======== Given entries

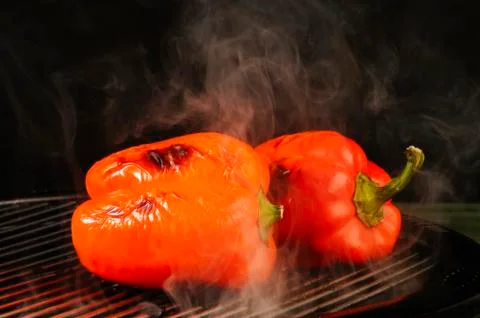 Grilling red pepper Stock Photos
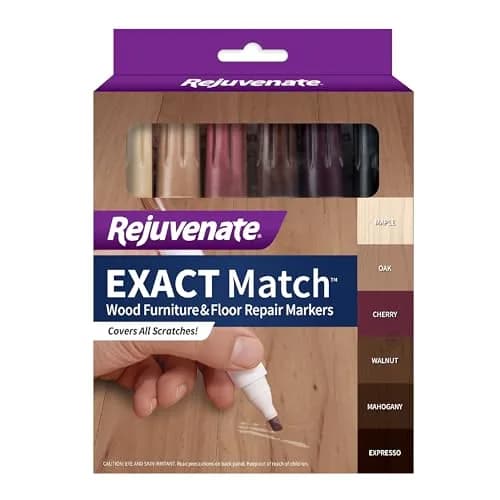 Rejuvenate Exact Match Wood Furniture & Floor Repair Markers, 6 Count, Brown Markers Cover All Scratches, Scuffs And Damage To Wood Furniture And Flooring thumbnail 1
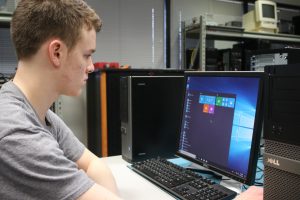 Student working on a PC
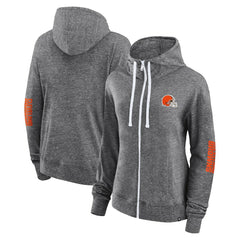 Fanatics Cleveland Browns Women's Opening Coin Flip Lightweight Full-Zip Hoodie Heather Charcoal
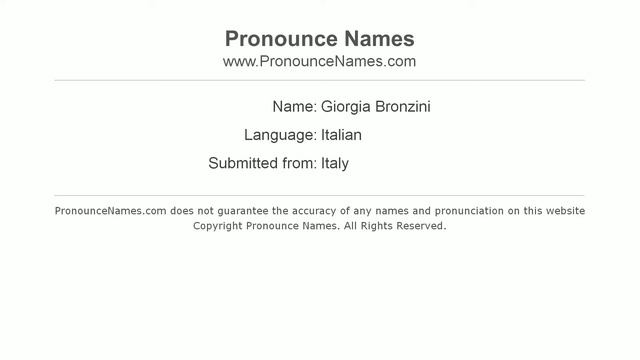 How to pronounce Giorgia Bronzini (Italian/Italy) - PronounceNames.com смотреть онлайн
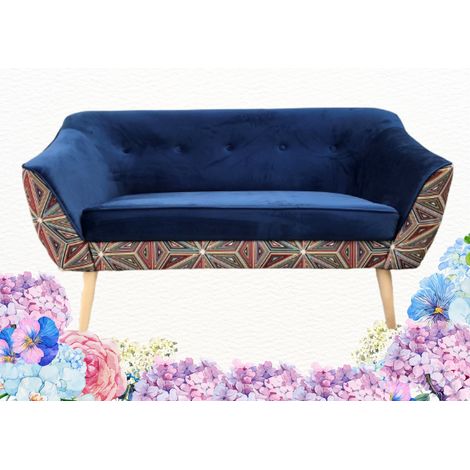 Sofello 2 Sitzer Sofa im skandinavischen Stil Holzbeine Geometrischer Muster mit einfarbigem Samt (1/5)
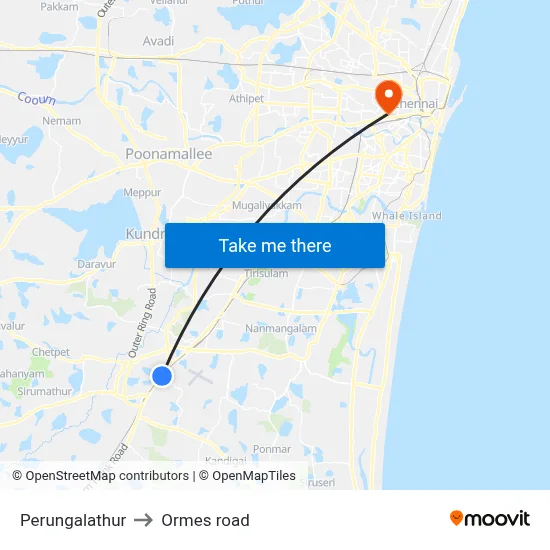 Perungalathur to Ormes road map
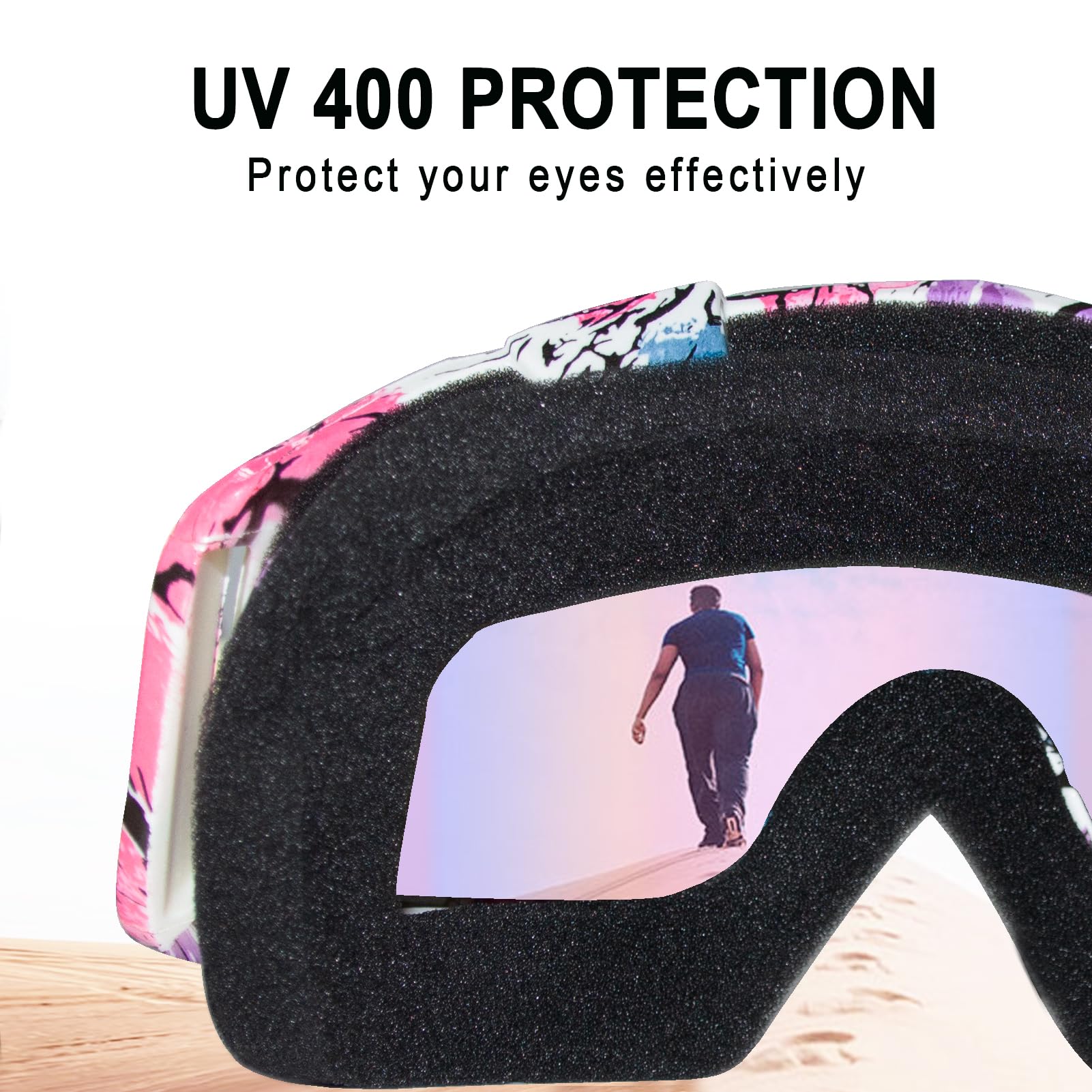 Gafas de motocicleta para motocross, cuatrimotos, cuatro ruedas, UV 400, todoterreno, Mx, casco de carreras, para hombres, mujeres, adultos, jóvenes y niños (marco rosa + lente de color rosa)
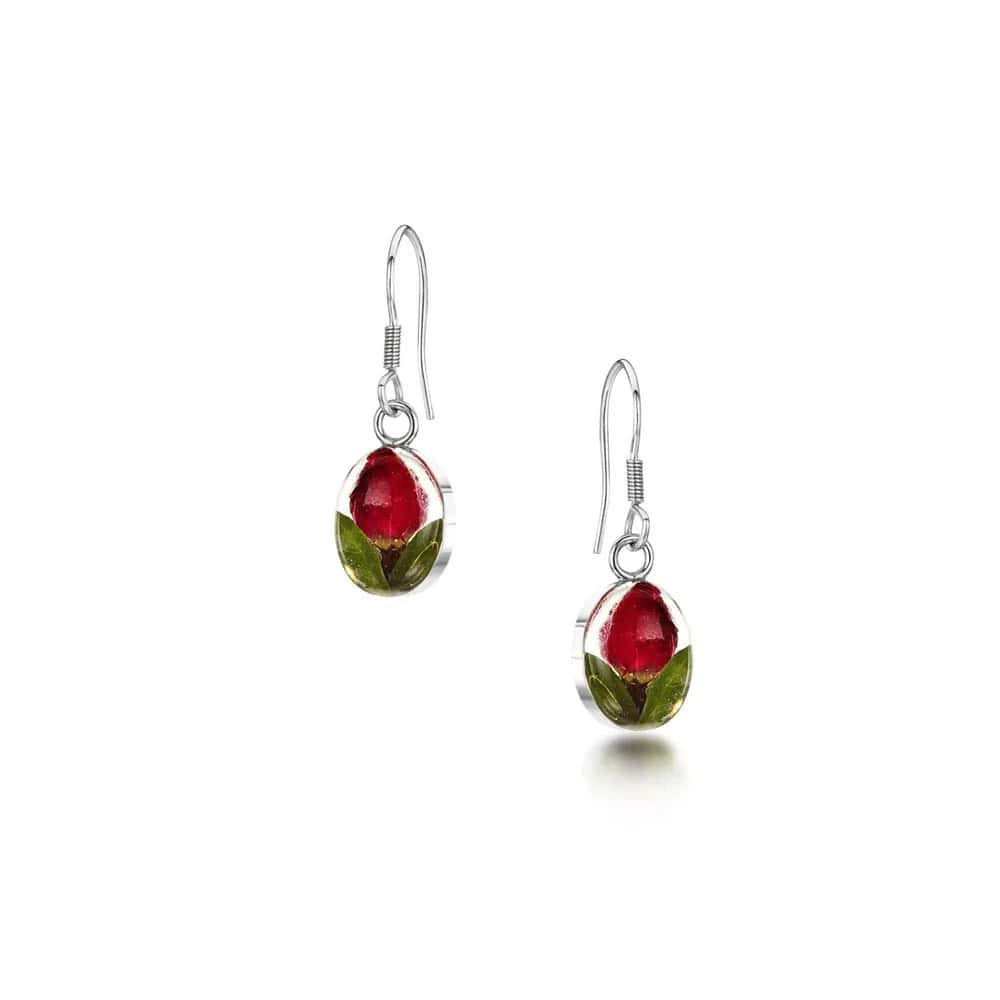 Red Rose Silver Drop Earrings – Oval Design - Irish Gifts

================
======== Given entries

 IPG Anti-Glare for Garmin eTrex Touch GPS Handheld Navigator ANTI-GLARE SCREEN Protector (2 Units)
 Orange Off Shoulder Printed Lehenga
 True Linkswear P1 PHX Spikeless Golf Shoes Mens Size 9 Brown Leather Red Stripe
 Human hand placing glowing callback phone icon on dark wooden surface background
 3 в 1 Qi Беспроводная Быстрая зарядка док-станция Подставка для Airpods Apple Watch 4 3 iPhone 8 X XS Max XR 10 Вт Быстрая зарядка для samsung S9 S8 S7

================
======== Given entries

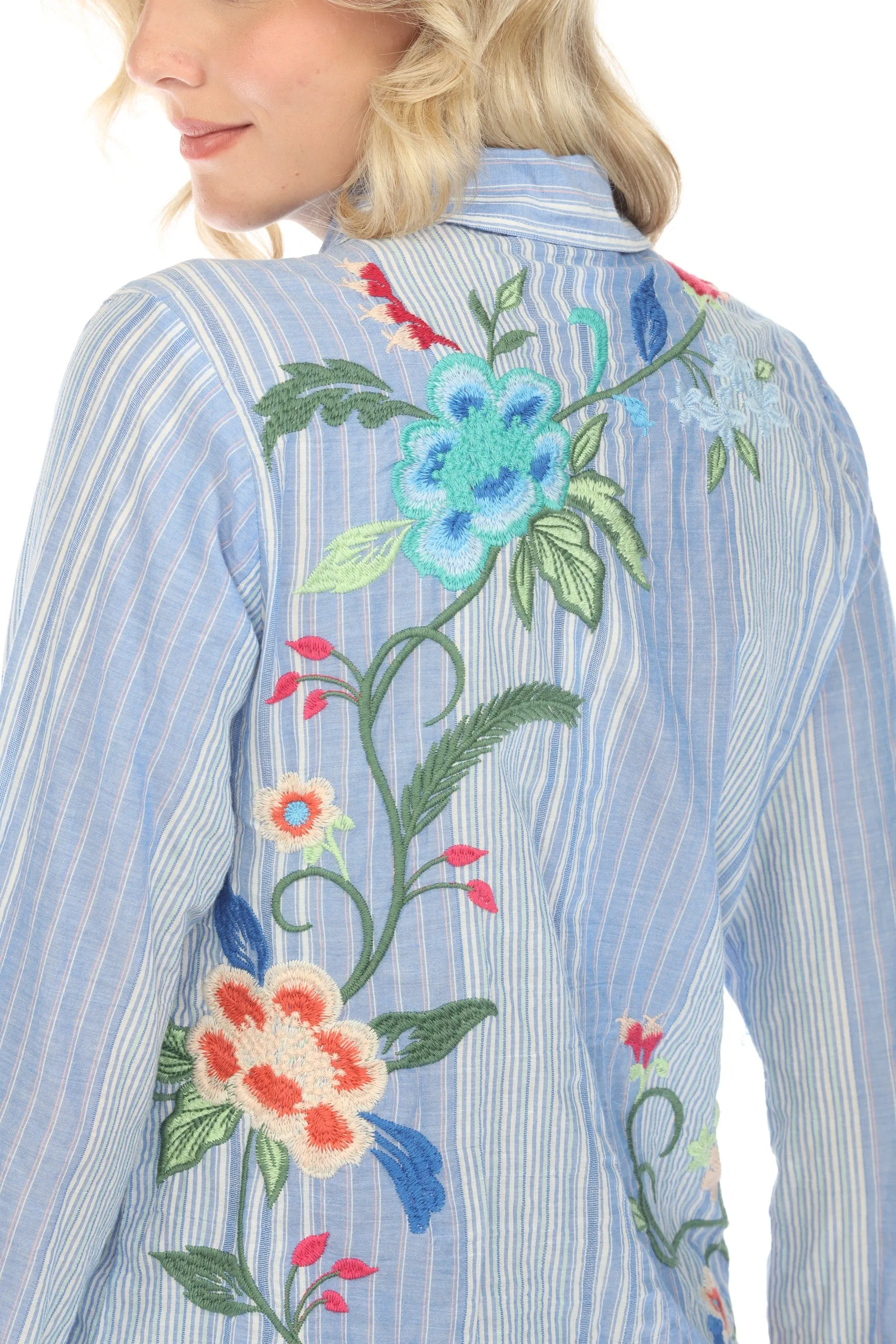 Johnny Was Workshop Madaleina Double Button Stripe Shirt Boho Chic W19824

================

--- The task ---
Write back the stretch of lines above that begins with the line holding "Grilling red pepper Stock Photos" and ends with the line holding "Red Rose Silver", both included, exactly as written. Pictures stay out.

--- Finished exercise ---
 Grilling red pepper Stock Photos
 Rejuvenate Exact Match Wood Furniture & Floor Repair Markers, 6 Count, Brown Markers Cover All Scratches, Scuffs And Damage To Wood Furniture And Flooring thumbnail 1
 Student working on a PC
 Fanatics Cleveland Browns Women's Opening Coin Flip Lightweight Full-Zip Hoodie Heather Charcoal
 How to pronounce Giorgia Bronzini (Italian/Italy) - PronounceNames.com смотреть онлайн
 Sofello 2 Sitzer Sofa im skandinavischen Stil Holzbeine Geometrischer Muster mit einfarbigem Samt (1/5)
 Perungalathur to Ormes road map
 Gafas de motocicleta para motocross, cuatrimotos, cuatro ruedas, UV 400, todoterreno, Mx, casco de carreras, para hombres, mujeres, adultos, jóvenes y niños (marco rosa + lente de color rosa)
 Red Rose Silver Drop Earrings – Oval Design - Irish Gifts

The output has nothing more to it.